Elemental cartography: Kānaka Maoli restorative mapping for a changing earth
Kānaka Maoli cartographies are rooted in land-based governance and arrangements of life premised on the laws of the elements that supersede the profit-driven motives of the laws of humans. In this way, Kānaka Maoli are returning to ancestral mapping of the 400,000 elemental forms, including winds, rains, cloud formations, ocean currents, and waterways, each with their own elemental functions specific to hundreds of ahupuaʻa (traditional land divisions). Mealaaloha Bishop’s Kalo Paʻa o Waiāhole maps the layered histories of traditional kalo (taro) farming, from the collective struggle of farmers against eviction, to the fight to restore corporate diverted waters to streams, to the reclamation of place names and the names of the elements mapped onto kalo leaves. Kaili Chun’s Hū mai, Ala mai maps the return of Kanaloa, the deep consciousness of the ocean. Her piece illustrates the projected future inundation scenarios for Waikīkī that make possible the return of fish that become more abundant with rising waters. In this way, Kānaka Maoli are mapping the elements in adaptive ways that turn potentially devastating conditions into renewed possibilities for abundance.
Hū mai, Ala mai
Kaili Chun, Hū mai, Ala mai (2020), Honolulu.
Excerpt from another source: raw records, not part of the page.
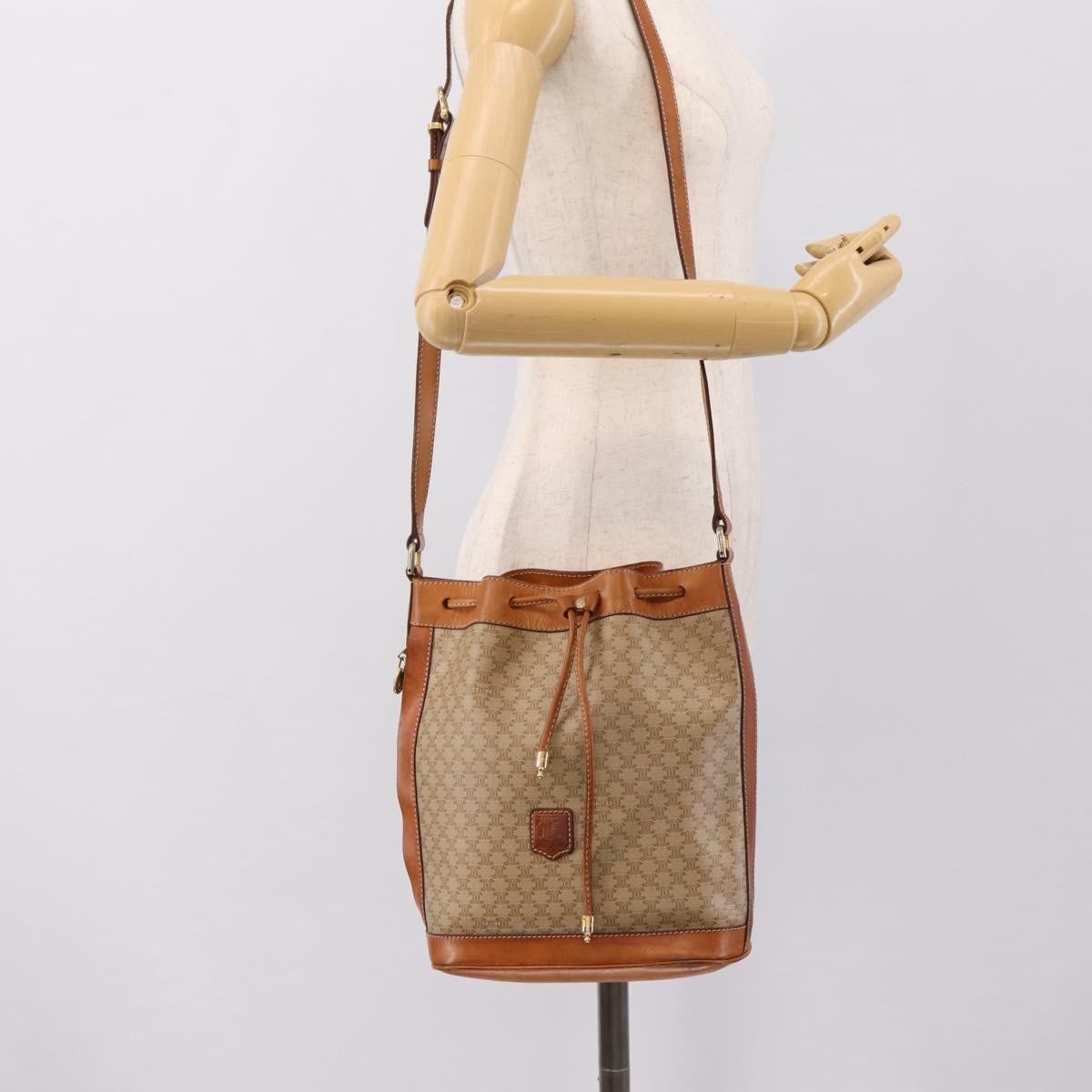 Celine Macadam Leather, Beige, Canvas, Shoulder Bag
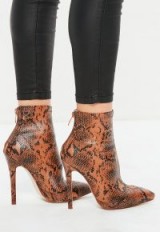 Missguided tan snake print fitted heeled ankle boots – glamorous booties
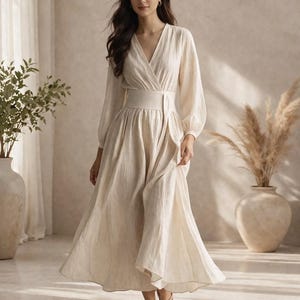 long flowy cream dress Glam Cream Dress - Maxi Dress - Wrap Dress - Long Sleeve Dress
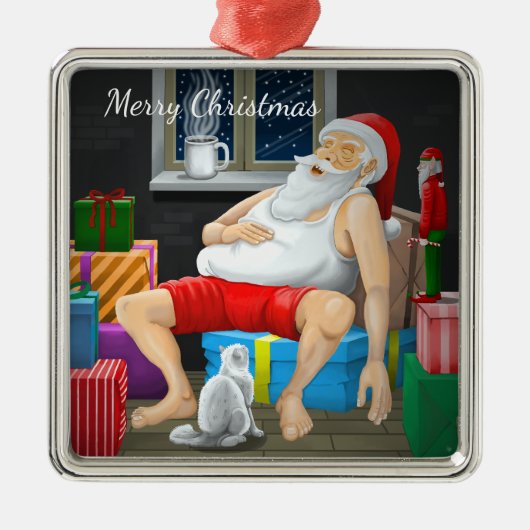 Coffee Time with Santa Claus Metalen Ornament (Voorkant)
Artist's statement: Hū mai, Ala mai connects the past and potential future shorelines by illustrating the projected future inundation scenarios for the shores of Waikīkī. Overlaid with fish that get more abundant with the rising waters, Hū mai, Ala mai visualizes how inundation actually beckons a future reconnected watershed filled with schools of ʻoʻopu in the loko iʻa kalo (taro patches that are also used to raise fish), and schools of awa (milkfish), ʻamaʻama (mullet), swimming up the muliwai (estuary streams) as tidal surges fill estuary ponds. Waikīkī was a dynamic living and breathing tidal zone of abundance, and the overlaying of past and future waves of Hū mai, Ala mai asks us to attend to where the water wants to return. This knowledge will tell us how much it can provide, and where and how to build with its pulsing energy.
Kalo Paʻa o Waiāhole
Mealaaloha Bishop, Kalo Paʻa o Waiāhole (mixed-media, 1999). Image courtesy of the artist. In the collection of Kalama Niheu, Honolulu, Hawai'i.
In this mixed-media oil painting, Mealaaloha Bishop maps the layered histories of traditional Kānaka Maoli kalo (taro) farming, from the collective struggle of farmers against eviction to the fight to restore corporate diverted waters to streams. The veins of the kalo leaves are the arterial streams that feed the valleys, and we see the names of the valleys mapped onto the leaves, a reclamation of place names many had forgotten along with the moʻolelo (storied histories) specific to them. The corm, or the root of the kalo, reflects images of the kalo paʻa—the people who are steadfast in their protection of lands and waters—the waters of the loʻi eddy and swirl with the voices of the people. Bishop’s painting reflect the kilo observations of an artist who farms kalo and is attuned to the elemental patterns of the forces around her.
Candace Fujikane is Professor of English at the University of Hawaiʻi. She has co-edited with Jonathan Okamura Asian Settler Colonialism: From Local Governance to the Habits of Everyday Life in Hawaiʻi (University of Hawaiʻi Press, 2008), and she has recently published Mapping Abundance for a Planetary Future: Kanaka Maoli and Critical Settler Cartographies in Hawaiʻi (Duke University Press, 2021). For the past twenty years, she has stood for the protection of lands and waters in Hawaiʻi and for Hawaiian political independence.